Vìtèlla (Condannato una): Essere condannato una vitélla vale essere condannato a vita.
Zaffi: Birri.
Zagnotta: Bagascia.
Zarlatta: Idem.
Zéppi: Mani.
Zéppo: Re.
Zòccoli: Piedi.
GERGO DEI NUMERI DEI "BAGARINI"
O MONOPOLISTI DI COMMESTIBILI, PESCIVENDE, ECC.
Alèffe o Ninétto: Uno. Dall'ebraico Aleph: uno.
Bèdene: Due. Dall'ebraico Beth: due.
Bèdene-vaghézzi: Due soldi e mezzo. Dall'ebraico Va-chezî: mezzo.
Ghìmene: Tre. Dall'ebraico Ghimel: tre.
Ghìmeme-vaghézzi: Tre e mezzo. Dal vernacolo ebraico: Va-chezî: mezzo.
Arbano: Quattro.
Camìcia: Cinque.
Cicia: Sei.
Cingà: Sette.
Cimóne: Otto.
Novèna: Nove.
Fiori o fioràna: Dieci. Ora per dire dieci si dice anche Un déto e nel dir così si mostra all'incantatore il póllice.

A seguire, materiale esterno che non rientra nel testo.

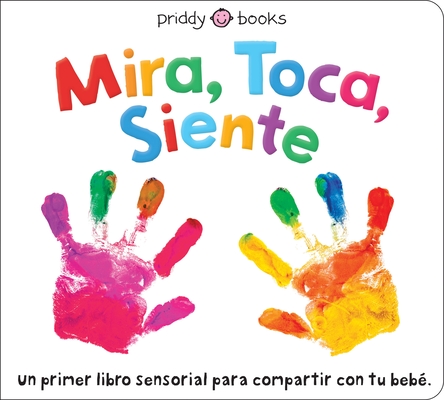 Mira, Toca, Siente (See, Touch, Feel) By Roger Priddy Cover Image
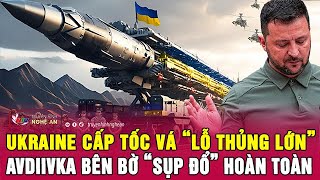 Cập nhật chiến sự Ukraine: Ukraine cấp tốc vá “lỗ thủng lớn”, Avdiivka bên bờ “sụp đổ” hoàn toàn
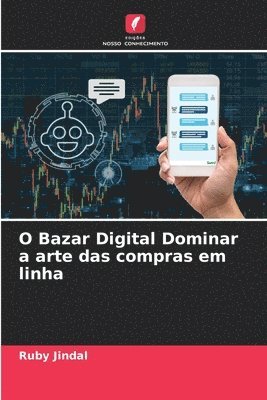 O Bazar Digital Dominar a arte das compras em linha 1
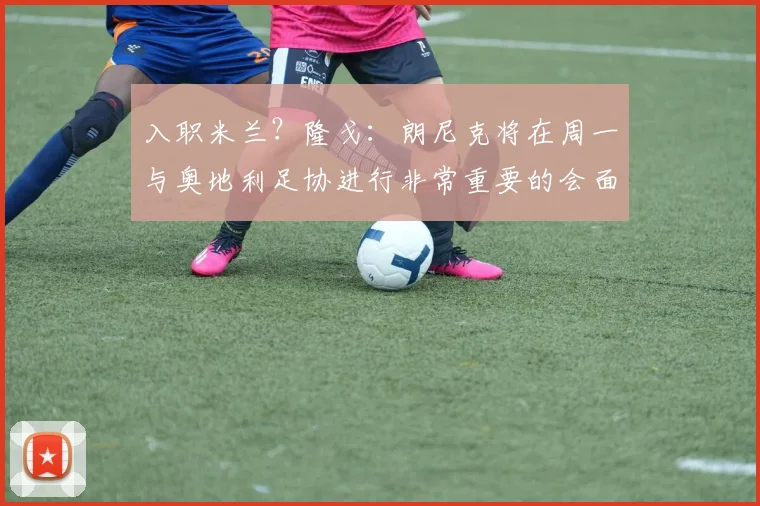 入职米兰？隆戈：朗尼克将在周一与奥地利足协进行非常重要的会面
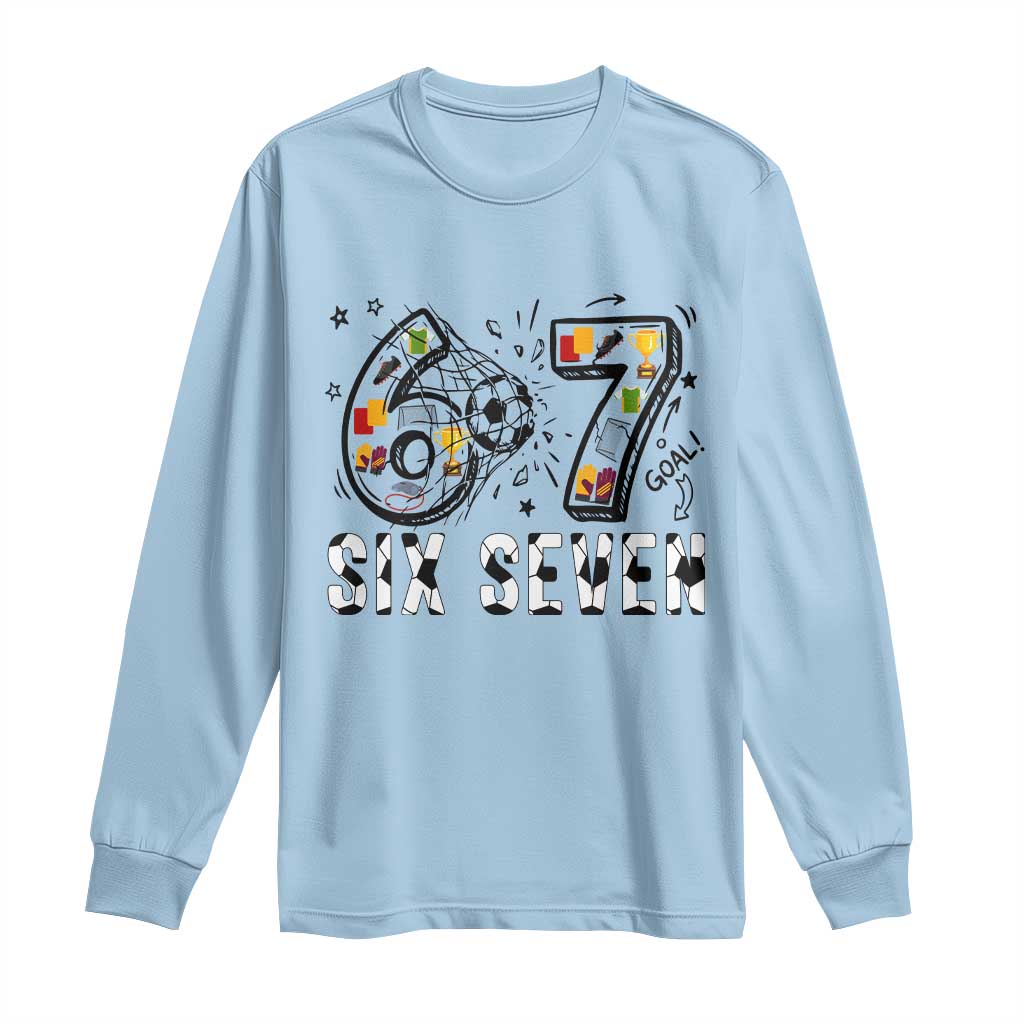 Six Seven Meme Soccer Lover Long Sleeve Shirt Funny Gift For Gen Z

PICCOLO SAGGIO DEL GERGO DEI MERCIAI DI ROMA.
Lebbo: Bello.
Trubbo: Brutto.
Pachelo o Palecco: Cappello.
Sparche: Scarpe.
Nami: Mani.
Sumo: Muso.
Sivo: Viso.
Tracavva: Cravatta.
Un cranfo e zemmo: Un franco e mezzo.
Raquanta rile: Quaranta lire.
Glipa, ecc: Piglia, ecc.
Tiè chiodo loque: Tien d'occhi quello.
Daba che bura, ecc: Bada che ruba, ecc.
Alcuni invece intercalano ogni sillaba delle parole con un vi, con un ti, ecc.
Per esempio, per dire: Bada che ruba, diranno: Vibavidavi che viruvibavi, ecc.
Un suonatore di teatro, un musicante, ad esempio, per dire che sta in bolletta, dirà ai suoi colleghi: Sto ssénza chiave in do o anche: Nu' stanzia pila in berta.
Un vetturino o cocchiere, per dire a un suo collega che ha più debiti che crediti, dirà: So' più lladri che sbirri.